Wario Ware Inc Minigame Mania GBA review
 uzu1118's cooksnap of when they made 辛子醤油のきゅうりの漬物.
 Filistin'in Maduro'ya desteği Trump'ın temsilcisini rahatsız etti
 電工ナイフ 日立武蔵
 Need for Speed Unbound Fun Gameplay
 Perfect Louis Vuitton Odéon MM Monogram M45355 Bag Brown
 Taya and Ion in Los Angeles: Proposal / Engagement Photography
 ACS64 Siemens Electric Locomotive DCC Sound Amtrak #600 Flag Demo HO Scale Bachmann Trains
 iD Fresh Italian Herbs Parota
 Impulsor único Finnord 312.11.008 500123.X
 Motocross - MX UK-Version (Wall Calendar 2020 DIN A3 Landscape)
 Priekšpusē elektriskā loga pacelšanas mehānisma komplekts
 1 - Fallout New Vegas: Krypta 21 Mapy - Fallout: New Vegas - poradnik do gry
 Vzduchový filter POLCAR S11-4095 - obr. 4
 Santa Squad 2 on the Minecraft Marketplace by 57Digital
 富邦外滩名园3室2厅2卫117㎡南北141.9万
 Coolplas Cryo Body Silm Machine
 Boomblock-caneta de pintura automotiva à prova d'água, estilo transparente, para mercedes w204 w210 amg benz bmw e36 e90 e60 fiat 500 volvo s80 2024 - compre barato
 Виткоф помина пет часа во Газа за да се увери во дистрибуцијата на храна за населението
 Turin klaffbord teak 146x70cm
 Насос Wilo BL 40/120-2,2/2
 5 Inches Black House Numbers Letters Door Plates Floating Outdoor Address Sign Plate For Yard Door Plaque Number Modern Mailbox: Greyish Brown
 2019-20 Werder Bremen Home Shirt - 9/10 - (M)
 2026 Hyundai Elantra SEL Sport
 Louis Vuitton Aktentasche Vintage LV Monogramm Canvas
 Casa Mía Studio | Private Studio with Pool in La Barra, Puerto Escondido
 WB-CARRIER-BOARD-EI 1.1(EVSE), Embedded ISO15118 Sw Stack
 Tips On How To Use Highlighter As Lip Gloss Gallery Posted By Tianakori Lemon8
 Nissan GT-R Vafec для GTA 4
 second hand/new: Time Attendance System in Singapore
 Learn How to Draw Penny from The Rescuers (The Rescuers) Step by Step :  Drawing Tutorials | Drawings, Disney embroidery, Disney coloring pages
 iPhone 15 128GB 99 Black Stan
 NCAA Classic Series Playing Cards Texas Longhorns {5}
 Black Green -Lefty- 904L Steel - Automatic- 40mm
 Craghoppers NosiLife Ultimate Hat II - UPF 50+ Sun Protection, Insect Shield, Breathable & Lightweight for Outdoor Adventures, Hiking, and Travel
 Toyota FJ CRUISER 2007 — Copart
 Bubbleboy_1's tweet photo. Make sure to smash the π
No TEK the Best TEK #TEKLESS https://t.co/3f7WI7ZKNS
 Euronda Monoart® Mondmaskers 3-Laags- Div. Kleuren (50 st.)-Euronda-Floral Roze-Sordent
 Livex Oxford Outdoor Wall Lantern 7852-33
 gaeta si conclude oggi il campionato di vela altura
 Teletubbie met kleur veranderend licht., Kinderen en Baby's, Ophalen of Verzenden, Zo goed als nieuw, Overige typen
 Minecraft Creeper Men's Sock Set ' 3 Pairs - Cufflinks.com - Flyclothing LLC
■ ■ ■ ■
**THE PROBLEM**. Copy exactly, and only, the lines from the line containing "No TEK the Best" to the end of the listing, with both ends included.

**RESPONSE TO THIS TASK**.
No TEK the Best TEK #TEKLESS https://t.co/3f7WI7ZKNS
 Euronda Monoart® Mondmaskers 3-Laags- Div. Kleuren (50 st.)-Euronda-Floral Roze-Sordent
 Livex Oxford Outdoor Wall Lantern 7852-33
 gaeta si conclude oggi il campionato di vela altura
 Teletubbie met kleur veranderend licht., Kinderen en Baby's, Ophalen of Verzenden, Zo goed als nieuw, Overige typen
 Minecraft Creeper Men's Sock Set ' 3 Pairs - Cufflinks.com - Flyclothing LLC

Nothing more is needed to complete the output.